Augmenting Patient Safety Surveillance In Radiation Oncology with Large Language Model-Based Root Cause Analysis
Abstract
Purpose
To evaluate the reasoning capabilities of large language models (LLMs) in performing root cause analysis (RCA) of radiation oncology incidents using narrative reports from the Radiation Oncology Incident Learning System (RO-ILS), and to assess their potential utility in supporting patient safety efforts.
Methods
We prompted four state-of-the-art LLMs, Gemini 2.5 Pro, GPT-4o, o3, and Grok 3, with the “Background and Incident Overview” sections from 19 publicly available RO-ILS cases. Each model was instructed to perform RCA and generate root causes, lessons learned, and suggested actions using a standardized prompt based on AAPM RCA guidelines. Model outputs were evaluated using a combination of objective semantic similarity metrics (cosine similarity via Sentence Transformer), semi-subjective assessments (precision, recall, F1-score, accuracy, hallucination rate and performance criteria including relevance, comprehensiveness, quality of justification and quality of solution), and subjective ratings (reasoning quality and overall performance) by five board-certified medical physicists.
Results
LLMs demonstrated satisfactory performance across evaluation metrics.
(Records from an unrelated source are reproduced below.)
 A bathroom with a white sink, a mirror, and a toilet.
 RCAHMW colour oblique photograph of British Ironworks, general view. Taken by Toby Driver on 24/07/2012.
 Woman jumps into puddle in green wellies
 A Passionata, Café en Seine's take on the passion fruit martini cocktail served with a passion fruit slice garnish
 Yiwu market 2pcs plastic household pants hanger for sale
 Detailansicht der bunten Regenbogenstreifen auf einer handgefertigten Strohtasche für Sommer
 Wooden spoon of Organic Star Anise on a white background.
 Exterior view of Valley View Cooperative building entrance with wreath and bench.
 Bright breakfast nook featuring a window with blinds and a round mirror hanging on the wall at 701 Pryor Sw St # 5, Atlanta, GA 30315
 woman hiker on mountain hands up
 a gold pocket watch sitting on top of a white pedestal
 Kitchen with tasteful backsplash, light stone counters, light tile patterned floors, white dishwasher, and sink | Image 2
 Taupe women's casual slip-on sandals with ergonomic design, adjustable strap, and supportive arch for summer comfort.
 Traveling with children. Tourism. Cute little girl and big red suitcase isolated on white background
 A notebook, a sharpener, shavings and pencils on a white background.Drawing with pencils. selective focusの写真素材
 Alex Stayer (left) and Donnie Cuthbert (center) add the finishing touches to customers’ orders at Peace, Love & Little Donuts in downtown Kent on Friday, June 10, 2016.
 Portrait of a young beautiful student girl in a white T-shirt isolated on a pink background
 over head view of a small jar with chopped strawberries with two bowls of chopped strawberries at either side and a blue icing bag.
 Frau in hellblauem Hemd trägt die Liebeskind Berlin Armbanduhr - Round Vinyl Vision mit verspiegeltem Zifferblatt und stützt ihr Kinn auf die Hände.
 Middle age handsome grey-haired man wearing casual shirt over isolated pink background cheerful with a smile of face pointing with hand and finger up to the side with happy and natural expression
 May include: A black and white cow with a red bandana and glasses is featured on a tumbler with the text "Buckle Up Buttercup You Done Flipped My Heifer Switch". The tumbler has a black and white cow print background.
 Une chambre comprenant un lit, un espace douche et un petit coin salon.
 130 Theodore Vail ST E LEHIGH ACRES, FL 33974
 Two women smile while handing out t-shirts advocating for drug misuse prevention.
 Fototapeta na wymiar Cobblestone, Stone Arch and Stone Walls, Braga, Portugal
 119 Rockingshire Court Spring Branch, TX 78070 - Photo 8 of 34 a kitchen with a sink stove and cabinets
GPT-4o achieved the highest cosine similarity (0.831), and Gemini 2.5 Pro had the highest recall (0.799) and accuracy (0.918). All models exhibited some degree of hallucination, ranging from 11% to 61%. Gemini 2.5 Pro, which outperformed all other models across performance evaluation criteria, received an overall performance rating of 4.8 out of 5 from expert reviewers. Statistically significant differences were observed among models in accuracy, hallucination rate, and subjective ratings (p < 0.05).
Conclusion
LLMs delivered promising results as assistive tools for RCA in radiation oncology, with the ability to generate relevant and accurate analyses aligned with expert expectations. LLMs may support incident analysis and contribute to quality improvement efforts to advance patient safety in clinical radiation oncology practice.